Was there a first element you came up with?

I wanted to introduce the exhibition with a coffin, which was a little weird for some people, but I was like, “The reason we need to see this is because we’re looking at dead bodies.” For as much of a wow factor that is, or a fear factor that is, it’s the core of what allows us to see this whole thing happen. And also, a big part of the exhibition is talking about life and death, and what better way to do that with a symbol than obviously a coffin? And so talking about where we came from, who we are and how we got there, and how other cultures around the world see that. So death was one of the big moments for me, then later on we touch on it again. I really wanted to recreate an ossuary, like you have under the churches in Europe where the bones have all been dug out of graves and brought downstairs, and basically was done to get the church more space or land, but they got decorative with it. And we also talk about how different cultures bury their dead. They’re just such interesting concepts. If you’re from Anywhere, U.S.A., we have our certain traditions that the various religions do, but people in other parts of the world look at it completely different. They look at their spiritual relationship to the Earth or to life and death in a different way. So that was a big element I think, was we can do this because we have these specimens. They wouldn’t be here if there wasn’t death. What is death? What does death mean to us? How do we make better lifestyle choices to prolong our life? What do we think about when we think about death? And then you get into all kinds of other stuff like, instead of talking about digestion we call this gallery “Hunger,” and we talked about foraging and harvesting food, what it was like to be a hunter and a gatherer. And then the reproductive gallery we call the “Love” gallery. When you’re reproducing, typically you have a relationship with somebody, and that relationship’s formed from love. Then we were like, “Let’s write love letters in the exhibition.” It kind of evolved from there.

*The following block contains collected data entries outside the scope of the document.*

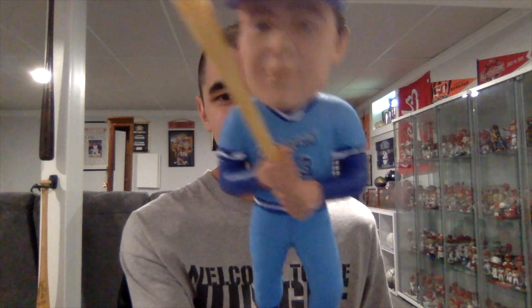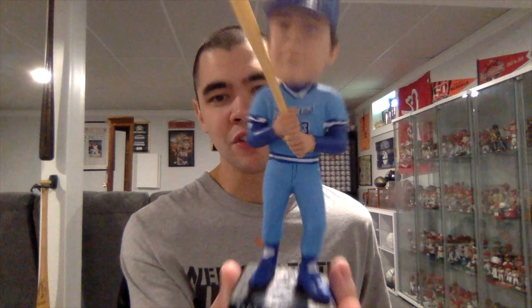Alright, here is the Dale Murphy bobblehead — finally out of the box. He's in those cool retro baby blue Braves uniforms, which look really nice. The back says 'Murphy 3,' the head bobbles really well, you can see the Braves logo on his hat, and his number on the front of his jersey. Just a good-looking Braves bobblehead — actually the first Braves bobblehead I have in my collection.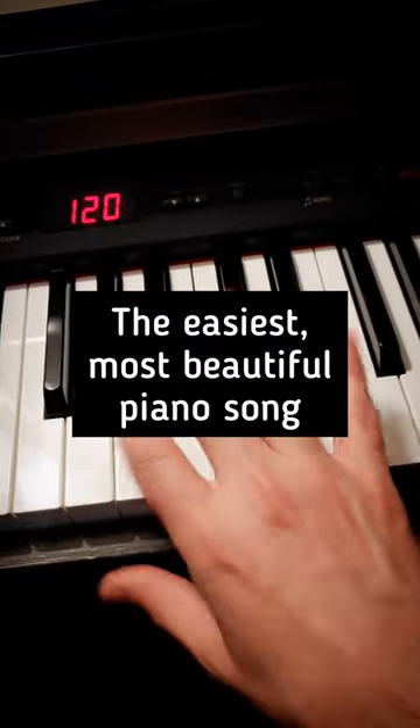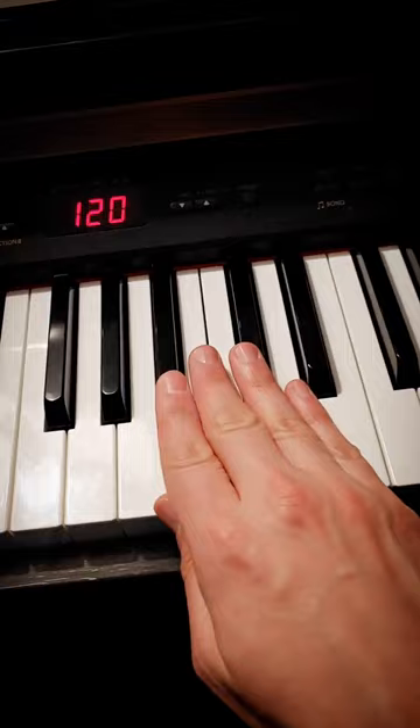Here it is, the easiest, most beautiful piano song ever written for beginners — it's by this German guy named Beethoven, I'm sure you've heard of him. All you have to do is just know the colors of the keys. You don't have to know anything else.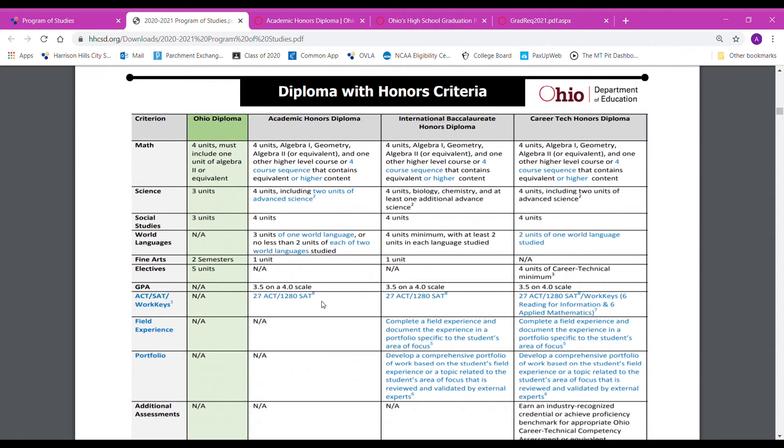The next criteria is you need to have a 27 on your ACT. All of the juniors should be getting back your ACT scores — they were actually very good overall. If you're interested in retaking it, you can go to ACT.org where there are some study guides, so please work on that if that is your goal.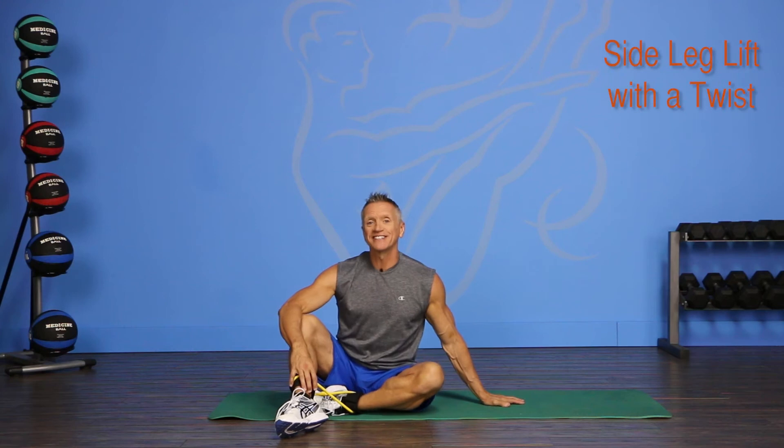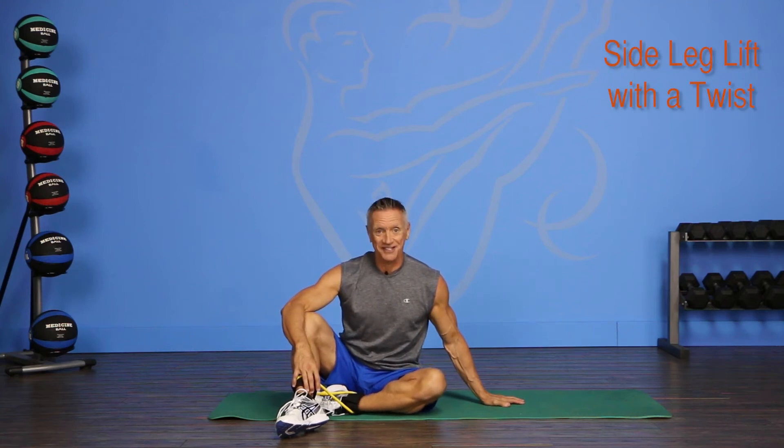Welcome to JG Fit TV. I'm John Gary, here to show you the move of the day in half a minute, and today's move is a side leg lift with a twist. So let's play.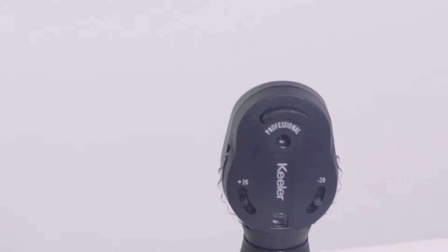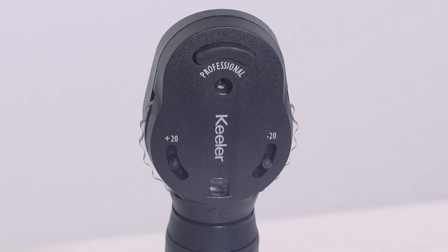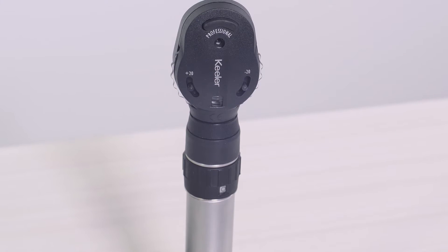The Keillor Professional Ophthalmoscope is designed to ensure ultimate control and fast examination. It features a comprehensive lens range from plus 29D to negative 30 and bright white xenon illumination.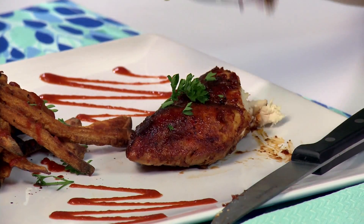Wow, I was right. Now let's try it. The chicken. Ooh, good. Tastes like ketchup. I like ketchup.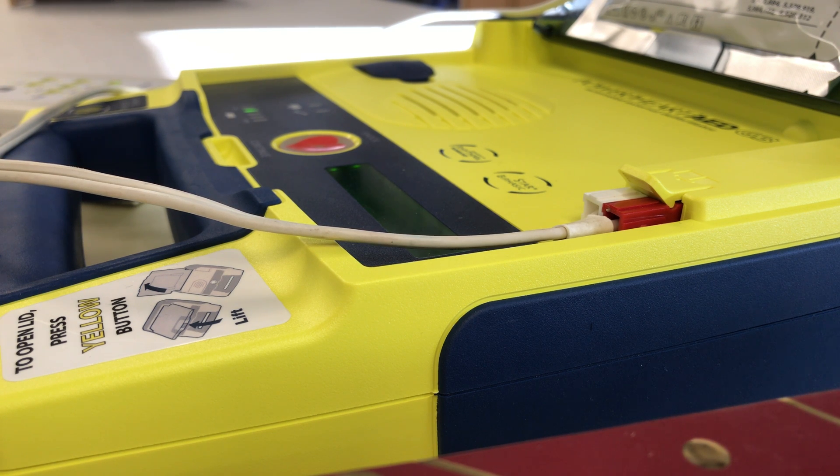Do not touch the patient. Analyzing heart rhythm. Please wait. Do not touch the patient. Analyzing heart rhythm. Please wait.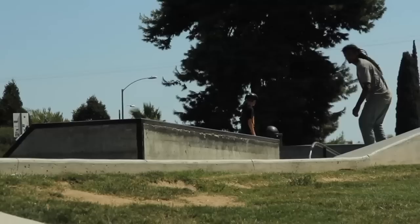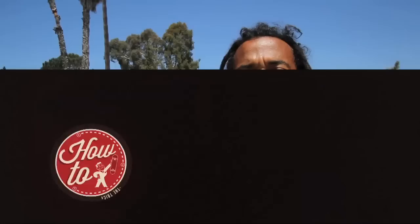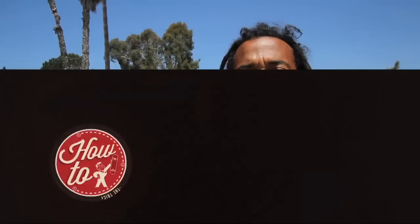Yo, what up? Fabrizio Santos here again. I'm going to teach you how to do frontside nose blunts. First come first: 50-50, frontside 50-50.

I figured there was one concrete idea that pushed it all forward.

The thing that I wanted to express in every room was our relationship with our body, whether that be spiritual or physical, emotional, whatever that is, and how you can tell that story in each one of those spaces. At the core, this is an educational anatomy exhibition. You’re there to learn about how the human body works. Not just the connection of how we perceive the other parts, besides just the physiology and the physical attributes, and the systems and the chemistry, but how spirituality was the core pillar behind it all.